Summer Sisters by Judy Blume: I have to admit that I haven’t read this one yet, but it sounds good so I’ll have to read it soon. The description on Goodreads.com says, “Initially, the differences between Caitlin Somers and Victoria Leonard (or “Vix,” as Caitlin christens her) draw them together. Caitlin selects Vix to accompany her to her father’s home in Martha’s Vineyard for the summer, the two become inextricably connected as “summer sisters.” On the Vineyard, Vix and Caitlin first find love, then sex–and lots of it. Yet Blume soon moves beyond hot fun in the summer sun, tracing the romantic and familial travails of the two from pre-adolescence to adulthood. Solid Vix evolves into Victoria, an equally solid, Harvard-educated, Manhattan public-relations exec. Unpredictable Caitlin opts out of college and travels to Europe, where she has a string of short-lived affairs with a series of intriguing (in every sense of the word) foreigners. It is only after she returns to the Vineyard that Caitlin does the unthinkable, forever changing both her friendship with Vix and their lives.”

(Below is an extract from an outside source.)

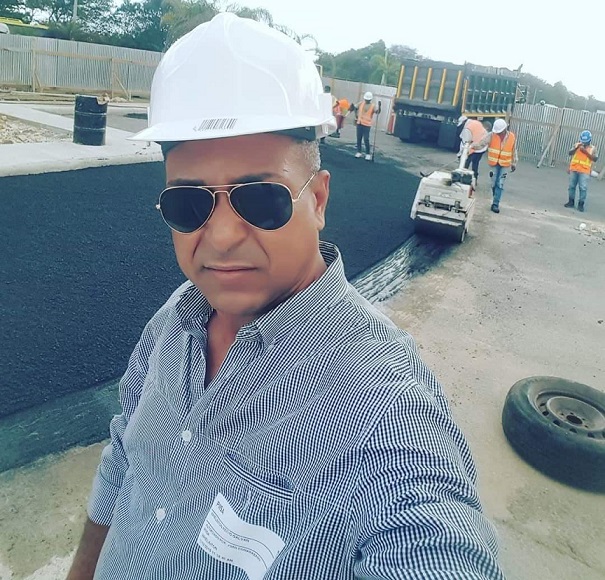 Wellington Recio Galván aspirante a regidor SDN.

The Summer of Skinny Dipping by Amanda Howells: Mia is 16 and spending the summer with her family and her cousins in the Hamptons. She and her cousins used to be really close, but now they seem more interested in their cell phones, magazines, and “cool” friends. Mia thinks the summer is going to be awful, until she meets Simon. She often sneaks out at night to go skinny dipping in the ocean with him, and he teaches her how to “let go” of all the things that are bothering her. This sounds like a light beach read, but there are some twists and it’s definitely sad in parts. According to a review on Amazon.com, if you’ve read The Great Gatsby you’ll find “many parallels in this novel and references to Fitzgerald’s famous story of what it means to be an outsider among insiders.”

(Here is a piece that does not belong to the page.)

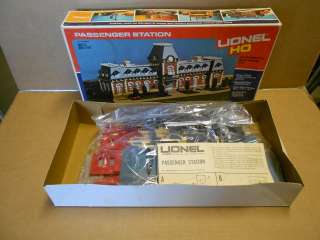   HO Scale Passenger Station   Large Two Story Kit   NEW Rare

I know I said I’d stick with the summer theme, but there are two other books I thought were worth mentioning. The first is Everything I Needed to Know About Being a Girl I Learned from Judy Blume. I’ve wanted to read this book for a while, so maybe this summer I’ll actually do it! Authors like Jennifer O’Connell, Meg Cabot, Beth Kendrick, and Megan McCafferty share their stories of how the lessons in Judy Blume’s books helped them with situations they were faced with as they grew up. The other book is Perfect on Paper: The (Mis)adventures of Waverly Bryson by Maria Murnane. I read it last summer and I’m looking forward to the sequel, which comes out in November. Waverly is a twenty-something successful businesswoman, who has almost everything she wants, except a boyfriend. She was left at the altar and now has to start over, back in the dating scene. She often writes herself “Honey Notes,” which Goodreads.com describes as “her own brand of self-deprecating wisdom and pipe-dream for a line of greeting cards.” Will she have any luck navigating the dating world this time around? Will Honey Notes turn into something more than she expected? You’ll find out in this book, and be entertained by the funny tales from Waverly’s life.

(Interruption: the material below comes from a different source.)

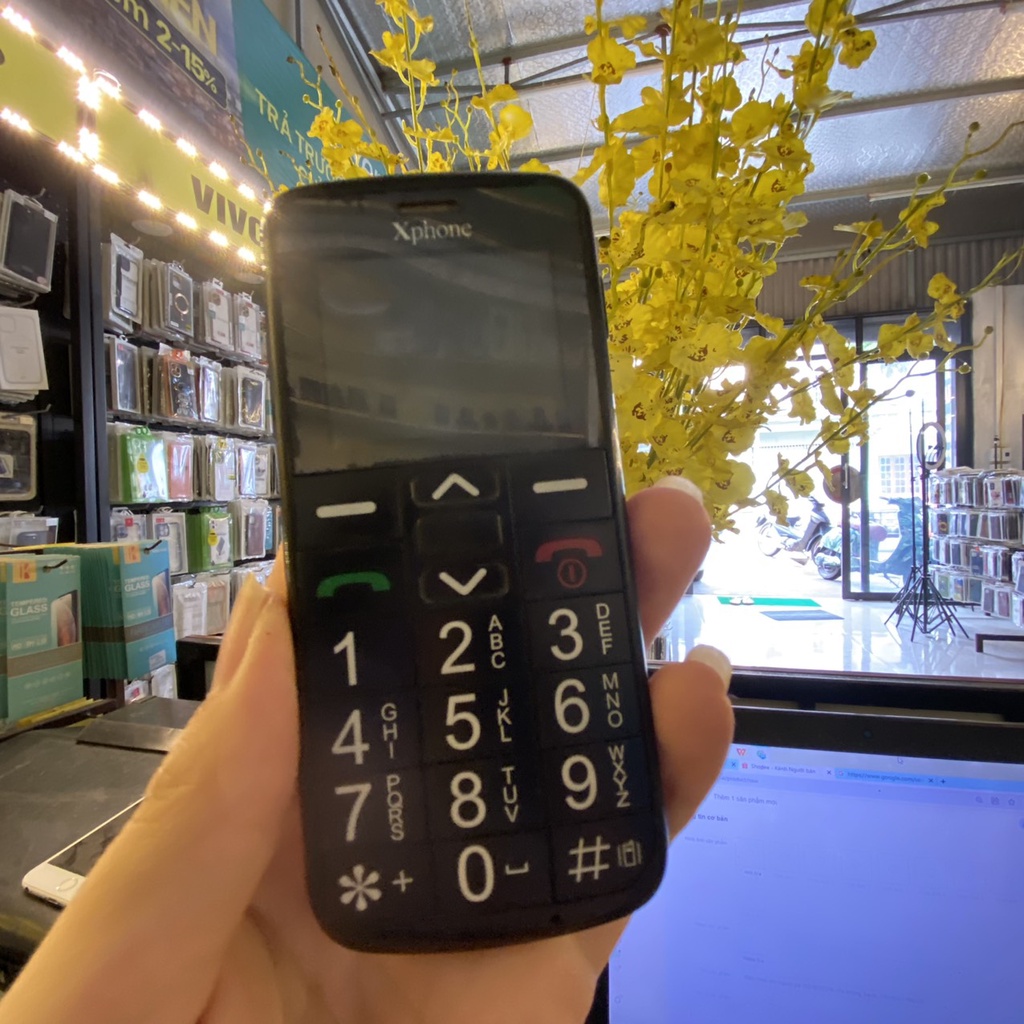 Điện thoại cho người già V6216/X6216  - Máy Cũ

I’m always looking for new books to read, so what are your favorite summer reads? Share them!

One thought on “Summer Reads

  1. Summer Sisters is really good! I read it about five years ago so I don’t remember all the details, but it was an interesting, compelling book 🙂 The Judy Blume one with the other authors sounds great – Beth Kendrick is awesome!

    Oh, and totally agreed about how relaxing it is to read on the beach while feeling the sun and listening to the ocean crash against the shoreline. It is perfection personified. I am hoping the weather clears up down here so I can read in the sunshine instead of the rain (yes, I’ve been sitting on the beach in the rain, because it’s better than nothing!). I’m currently reading Laura Dave’s “The First Husband” and loving it. Great beach read!

    Thanks for your recommendations!!